Canada's mortgage market is poised to slow down in the coming years as government policies and skyrocketing house prices discourage many Canadians from taking on a home loan, according to the latest forecast by Fitch Ratings.
While house prices are expected to gain only 1% in the next two years, the mortgage market could witness its weakest growth in nearly four decades, according to the forecast.
"Stretched affordability and macro prudential measures are limiting the number of borrowers able to qualify for home loans, and will, in turn, limit home price growth," Fitch analyst Susan Hosterman said.
Mortgages are expected to grow by 1%, the slowest pace since 1982, when interest rates rose to all-time highs. This time, however, mortgages are expected to moderate despite the low interest-rate environment.

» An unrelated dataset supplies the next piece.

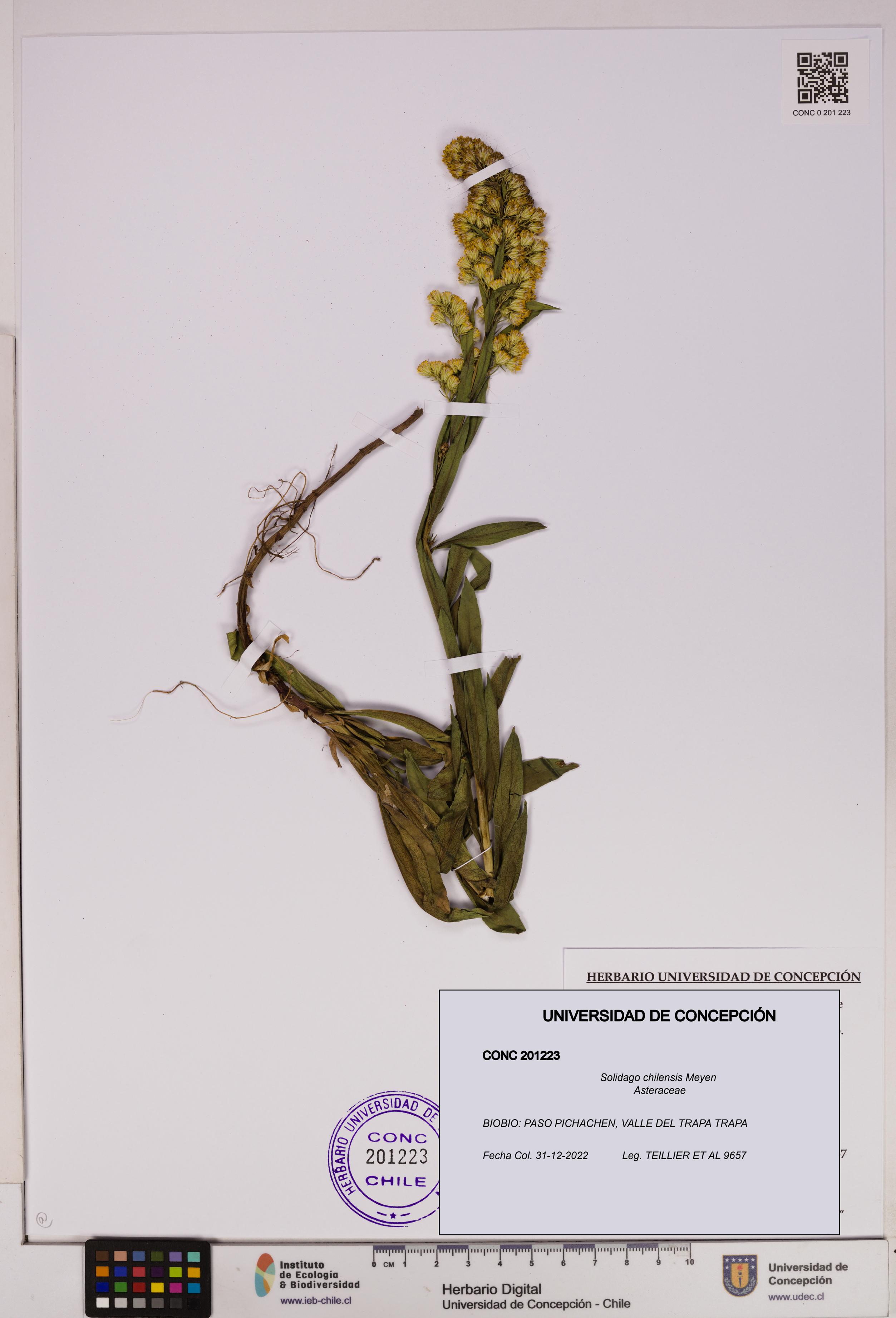 Solidago chilensis [Espécimen: UDEC:CONC:0201223]
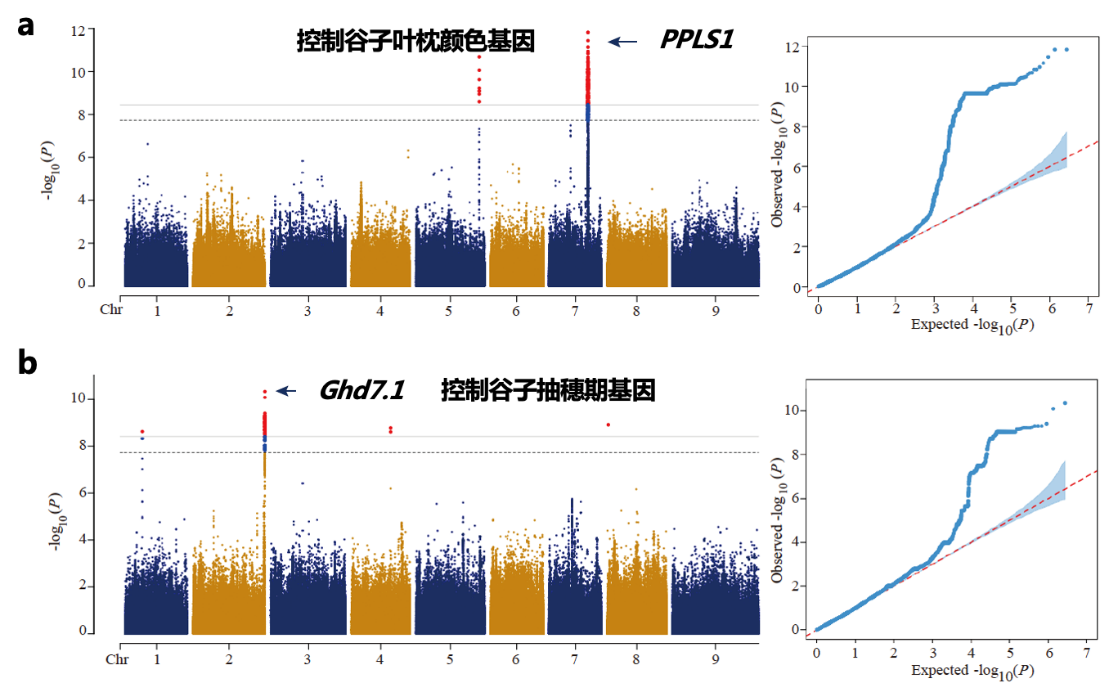 1761014547510196.png 图片3.png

Hosterman said the mortgage stress test will likely impact the growth in lending and will actually make home loans "modestly more expensive".
"People have to save longer for a down payment. Meanwhile, prices just keep going up and up," she said.
While Hosterman expects the Bank of Canada to keep interest rates at 1.75% next year, she said the likelihood of an increase in 2021 might make it harder for Canadians to repay debt.
Prime Minister Justin Trudeau recently asked Finance Minister Bill Morneau to make the mortgage stress test more dynamic.
In a report in Mortgage Broker News, Mortgage District broker Michelle Campbell said Trudeau's recommendation is a step in the right direction.
"The fact that they're realizing that it is affecting first-time homebuyers the most, I think it's a positive thing. From my perspective, I don't think that there shouldn't be a stress test, but it should be reasonable," she said.